Like all genuinely natural food spreads—peanut butter, hazelnut spread, mayonnaise—hummus started with the promise of stemming from actual ingredients, but now, hummus turned chemicalized just like Jiffy and Hellman’s. Sabra ruined it. So did Tribe. We can now buy hummus in a jalapeño bacon flavor. And it all suddenly starts to taste like nothing.
George Azar won’t let that happen. The man makes a 50-pound batch of hummus feel intimate.
Mediterranean Gourmet Market sits at the very end of a strip mall perpendicular to Franconia Road. Hookahs line the wall above the cash register. CDs featuring glamour shots of Egyptian and Lebanese singers spin around on a few racks.
Only a handful of short aisles run through the squat store, filled with imported candies and economy-size jars of pickled turnips. The dairy case features (non-alcoholic) Saudi Arabian beers and glowing orbs of labneh (feta-meets-yogurt smooth cheese) marinating in oil.
Wild cucumbers, growing round-and-round like lassos, congregate in a big box, probably the same one that it shipped in from California. Sour green plums, the size of ping-pong balls, sit in the next box. The plums taste crisp like an apple, almost raw in its bite.
Earlier this year fuzzy, sage green almonds from California sat there. Azar imported 150 pounds of the seed (technically not a nut) during the first fresh period of the almond growing season. “Wash it. Dip it with salt. Eat the whole thing,” explains Azar. “When they’re fresh, that’s how you eat them.”

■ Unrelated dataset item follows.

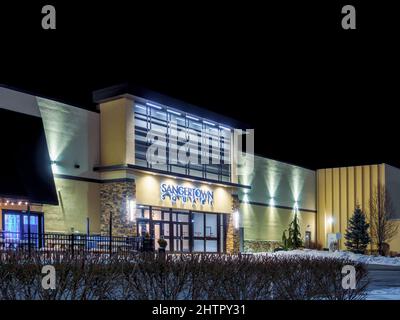 New Hartford, New York - February 28, 2022: Night View of Snagertown Mall Main Entrance. Sangertown is the Biggest Mall in Oneida County with Numerous Stock Photo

Azar remains as straightforward explaining his hummus. Chickpeas soak overnight. The next morning the beans are washed over three times and then boiled for two hours. A huge blender combines the chickpeas with tahini (sesame seed paste), fresh lemon juice, garlic and a little salt.
Most recipes call for olive oil during the processing stage. Other recipes expect clumsy fingers to remove the slim skin off the chickpea. Azar does neither. He adds Lebanese extra virgin olive oil before serving. He keeps the skin on.

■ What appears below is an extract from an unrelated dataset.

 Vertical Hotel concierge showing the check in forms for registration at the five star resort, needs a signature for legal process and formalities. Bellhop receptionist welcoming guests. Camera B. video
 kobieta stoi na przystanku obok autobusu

There should be a big reveal here. I imagine GOB, from the canceled show “Arrested Development,” shirtless and dancing as a faux magician, just about to whisk away a shimmery, polyester sheet to showcase the
secret to this hummus. This hummus that is thick enough to hold up the powerful thighs of Beyonce, but creamy enough to compete with the complexion of Kim Kardashian.
It’s a hummus bright with lemon, but deep with a nutty, buttery <insert hyperbole> effect. I’ll stop now. You get it.

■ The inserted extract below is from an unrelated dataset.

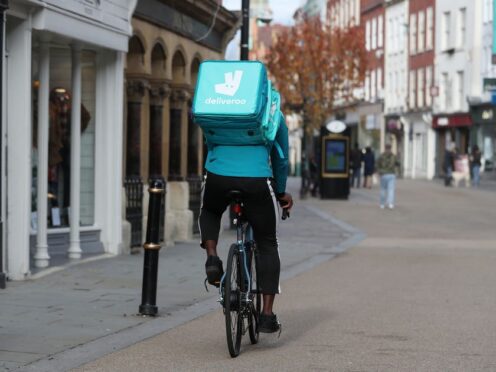 Food delivery giant Deliveroo is offering free childcare to riders (David Davies/PA)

The counter also holds a baba ganoush so briny it seems like an anchovy swam into the eggplant mixture. Azar thinks the sea-salty flavor protrudes because of its hour roast, as well as the laborious de-seeding of the auburgine and then the mixing—by hand—with Mediterranean kitchen staples garlic, tahini and lemon juice.
Plenty of olive varieties sit in big bins, including one mixed with red pepper flakes that beg for a swim in martinis. Grape leaves are oily, a little acidic and extra creamy with halved chickpeas embedded in the rice.
There are a few tables and some counter space as well to enjoy manakish, a dough slicked with oil and za’atar (a spice blend primarily of thyme, sesame seeds and sumac). In one version, it’s topped with feta, mozzeralla, spinach, onions and so much gorgeous, bursting lemon that you will soon order all pizza-like dishes with a slice of the citrus, just like you do with water.
Kishk manakish shows off funky dried yogurt, leaving flakes of sour whiteness that will not make you miss gooey cheese. The flakes, imported from Lebanon, mix with tomato sauce and sesame seeds, and are spread onto a cracker-type dough.
Azar opened up Pita Express in the Landmark Mall in 1989. He stayed there for 12 years and then created this market, where he’s been for the last nine years. He brought the pita with him for standard sandwiches—beef shawarma (sultry, sumac-ed meat), gyro (tough meat), falafel (moist, not crumby, just like a superior brownie)—as well as a few kabob platters and a garlic-attack foul m’damas. Fava beans, chickpeas and garlic float in oil. It’s good, of course.
Mediterranean Gourmet Market
6122 Franconia Road, Alexandria; 703-971-7799; mediterraneangm.com
Hours: Open for breakfast, lunch and dinner Monday through Friday, Sunday open until 5 pm.